Wow, that is truly a beautiful collection.  Everything goes so well together!


----------



## Sunnie (Apr 3, 2010)

that TOTALLY rocks as a set!


----------



## bookmonster (Mar 31, 2010)

corkyb said:


> where did you get that fabric? It is gorgeous!
> Paula


Thanks everyone! Found the fabric at "Hobby Lobby".


----------



## bookmonster (Mar 31, 2010)

Gwennie said:


> that TOTALLY rocks as a set!


Gwennie you just made me snort koolaid out my nose


----------



## ayuryogini (Jan 3, 2010)

Beautifully done, bookmonster, that looks amazing!!!!



beckyj20 said:


> Looks great! Wish I could get mine to go together like that!


If you have some things in mind, you could start a thread asking for help; there are a lot of us here who like to
help people spend their money choose a beautiful combo.


----------



## fancynancy (Aug 9, 2009)

That's absolutely gorgeous.  I would love to find an excuse to buy one of those little Borsa Bella bags. But what in the world do you do with it?  My K2 is in a great case that goes in my everyday handbag.  Please tell me what I could do with one of those Roo bags, and I'll buy it for sure!


----------



## bookmonster (Mar 31, 2010)

fancynancy said:


> That's absolutely gorgeous. I would love to find an excuse to buy one of those little Borsa Bella bags. But what in the world do you do with it? My K2 is in a great case that goes in my everyday handbag. Please tell me what I could do with one of those Roo bags, and I'll buy it for sure!
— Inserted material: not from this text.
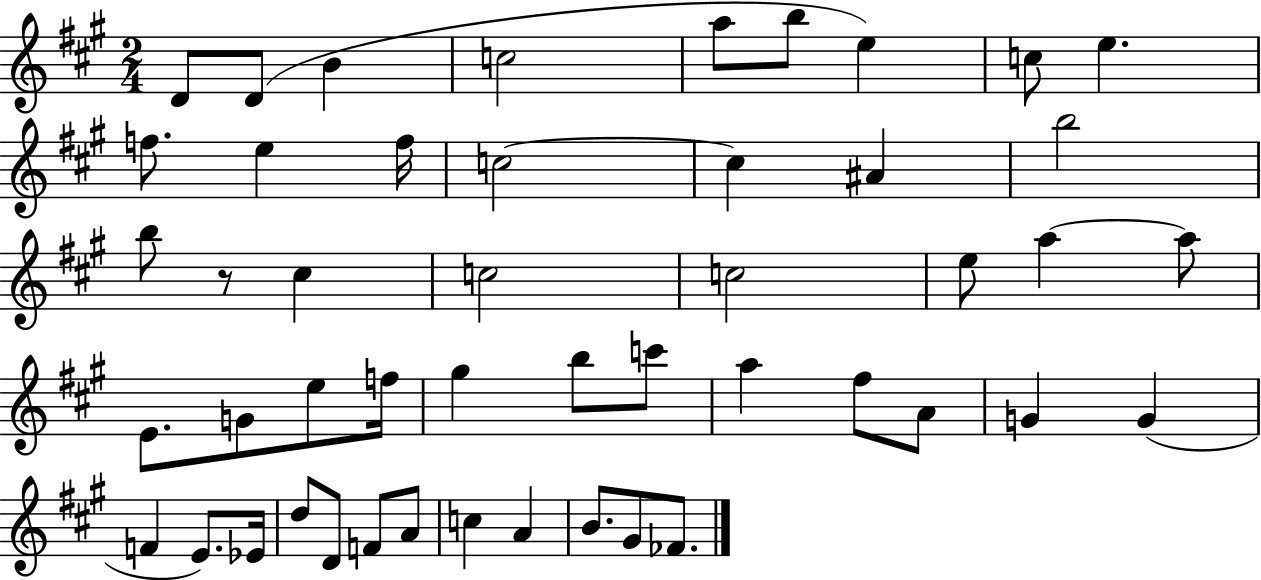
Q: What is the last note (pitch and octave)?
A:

My Kindle stays in the case but if she leaves the house she goes in her roo bag before going in my purse. (Just an extra layer of protection) But the main reason is because this makes sure none of the other stuff rattling around in the bottom of the purse slips between the case & screen. And I love the extra pocket on the roo because I can keep the charger & Octo Solis light & a spare battery in there when I travel.


----------



## fancynancy (Aug 9, 2009)

bookmonster said:


> My Kindle stays in the case but if she leaves the house she goes in her roo bag before going in my purse. (Just an extra layer of protection) But the main reason is because this makes sure none of the other stuff rattling around in the bottom of the purse slips between the case & screen. And I love the extra pocket on the roo because I can keep the charger & Octo Solis light & a spare battery in there when I travel.


You're right! I've noticed a few things in my purse wound up inside my Go case, which doesn't even have a fastener. So I really NEED a little BB case! And they don't add weight, right? Off to shop.....  
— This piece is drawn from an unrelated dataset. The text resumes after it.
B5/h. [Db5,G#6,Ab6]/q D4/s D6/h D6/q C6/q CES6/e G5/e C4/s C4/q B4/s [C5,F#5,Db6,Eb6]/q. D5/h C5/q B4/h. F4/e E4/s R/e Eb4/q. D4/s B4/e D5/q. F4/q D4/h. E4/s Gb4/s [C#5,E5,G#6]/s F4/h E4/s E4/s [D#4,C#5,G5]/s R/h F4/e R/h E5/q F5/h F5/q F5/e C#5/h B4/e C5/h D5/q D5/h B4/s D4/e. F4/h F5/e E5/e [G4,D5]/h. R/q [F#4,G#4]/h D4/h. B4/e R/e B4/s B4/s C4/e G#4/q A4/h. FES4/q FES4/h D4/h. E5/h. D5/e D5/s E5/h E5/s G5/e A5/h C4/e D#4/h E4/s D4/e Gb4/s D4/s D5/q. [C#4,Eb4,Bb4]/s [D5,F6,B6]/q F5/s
It bears repeating. Your combo is truly one of the most beautiful I've seen.


----------



## bvlarson (May 16, 2010)

Very nice work. Kindles have become artistic expressions!
Reminds me of the new trend in Ipods, owning multiple different flavors for style and mood.


----------



## Patricia (Dec 30, 2008)

fancynancy said:


> You're right! I've noticed a few things in my purse wound up inside my Go case, which doesn't even have a fastener. So I really NEED a little BB case! And they don't add weight, right? Off to shop.....


Boy, do we enable each other or what...


----------